Tuesday, January 11, 2011

Nicki In Clash Magazine

Taking on Jay-Z and Kanye West implies you’re either stupid or have big balls. Nicki Minaj ain’t and don’t. But what she does have is a vocal style that opts for the confrontational rather than all-out aggressive, delivering her batshit rhymes with a roving economy many of her male counterparts would do well to adopt. “Yeah I’m in that Tonka, colour of Willy Wonka / You could be the King but watch the Queen conquer,” Minaj roars during her jaw-to-the-floor guest appearance on Kanye’s ‘Monster’.

But Onika Tanya Maraj (AKA Nicki Minaj) is far more than a gob-for-hire and whilst ‘Monster’ will act as 101 to many, the coming twelve months look certain to see the hip-hop hive fall to the beat of a new queen bee.



Moving from her native Trinidad and Tobago at the age of five to live in the New York borough of Queens, Minaj is marinated in the patchwork of her adopted hometown - callous and materialistic one moment, sentimental and welcoming the next. Cutting her teeth on a couple of stellar mixtapes (‘Beam Me Up Scotty’ and ‘Barbie World’), Minaj possessed a confidence and unwillingness to adhere to gender tropes that would have made her a prime target for the ubiquitous haters were it not for the innate talent fuelling her larynx.

Festooned in a cerise wig and matching lippy, Minaj flirts with the overt sexuality that plagues hip-hop; refusing to succumb to the notion of women as trophies to be paraded alongside grinted teeth and snazzy rims. Minaj takes her position as a role model seriously - avoiding the wanky faux-feminism of Lady Gaga in favour of an authentic portrait of 21st Century womanhood.
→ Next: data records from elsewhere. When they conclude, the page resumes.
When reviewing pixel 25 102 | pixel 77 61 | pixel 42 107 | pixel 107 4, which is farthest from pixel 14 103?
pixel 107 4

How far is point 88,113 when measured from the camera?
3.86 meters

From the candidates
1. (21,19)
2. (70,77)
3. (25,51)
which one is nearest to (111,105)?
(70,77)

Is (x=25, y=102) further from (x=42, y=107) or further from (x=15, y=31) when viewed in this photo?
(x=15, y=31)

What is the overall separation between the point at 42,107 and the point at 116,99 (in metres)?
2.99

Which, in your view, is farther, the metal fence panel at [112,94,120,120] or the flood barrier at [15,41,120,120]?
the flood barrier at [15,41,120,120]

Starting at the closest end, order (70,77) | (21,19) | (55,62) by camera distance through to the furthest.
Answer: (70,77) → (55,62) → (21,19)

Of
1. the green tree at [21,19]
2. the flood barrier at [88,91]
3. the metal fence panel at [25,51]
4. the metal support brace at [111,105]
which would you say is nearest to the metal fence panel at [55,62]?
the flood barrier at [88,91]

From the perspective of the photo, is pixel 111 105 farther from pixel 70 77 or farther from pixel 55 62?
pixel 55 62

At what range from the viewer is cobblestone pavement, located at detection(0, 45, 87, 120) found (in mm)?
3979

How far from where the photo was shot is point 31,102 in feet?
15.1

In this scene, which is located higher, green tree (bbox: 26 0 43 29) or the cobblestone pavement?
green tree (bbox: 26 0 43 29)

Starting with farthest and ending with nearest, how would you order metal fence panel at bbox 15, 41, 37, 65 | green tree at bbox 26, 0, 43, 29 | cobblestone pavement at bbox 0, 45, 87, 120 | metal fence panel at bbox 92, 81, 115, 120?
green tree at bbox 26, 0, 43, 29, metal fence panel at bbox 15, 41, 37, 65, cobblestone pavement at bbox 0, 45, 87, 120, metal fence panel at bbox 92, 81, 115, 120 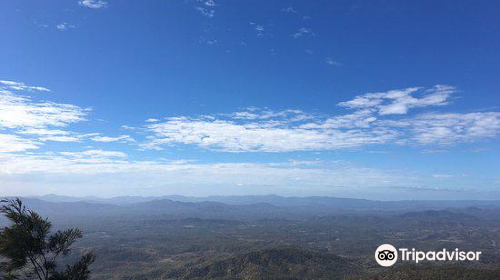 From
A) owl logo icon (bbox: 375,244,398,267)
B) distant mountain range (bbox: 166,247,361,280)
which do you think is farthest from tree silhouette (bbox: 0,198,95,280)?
distant mountain range (bbox: 166,247,361,280)

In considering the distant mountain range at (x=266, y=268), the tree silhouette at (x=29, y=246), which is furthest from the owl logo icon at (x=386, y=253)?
the distant mountain range at (x=266, y=268)

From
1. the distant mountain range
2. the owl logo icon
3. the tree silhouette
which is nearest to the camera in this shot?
the tree silhouette

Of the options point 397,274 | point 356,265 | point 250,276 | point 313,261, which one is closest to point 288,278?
point 250,276

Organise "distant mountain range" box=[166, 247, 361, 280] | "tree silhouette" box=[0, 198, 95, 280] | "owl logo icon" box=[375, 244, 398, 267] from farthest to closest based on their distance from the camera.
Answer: "distant mountain range" box=[166, 247, 361, 280], "owl logo icon" box=[375, 244, 398, 267], "tree silhouette" box=[0, 198, 95, 280]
Vocally touching base with the likes of Santigold, MIA and Eve, Minaj’s cadence closest resembles that of Missy Elliot - but where the grandmother of hip-hop sticks primarily to rap Minaj is just as willing to get her lungs out. Showcased on the Annie Lennox-sampling ‘Your Love’, Nicki Minaj has a deep and soulful singing voice that lends her debut album ‘Pink Friday’ a contrast all too often missing from urban leaning releases. And it is this ability to exist in the overlapping Venn diagram of pop, hip-hop and credibility that will see Nicki Minaj owning 2011 with pink volition. Digested read; she is mother fucking monster!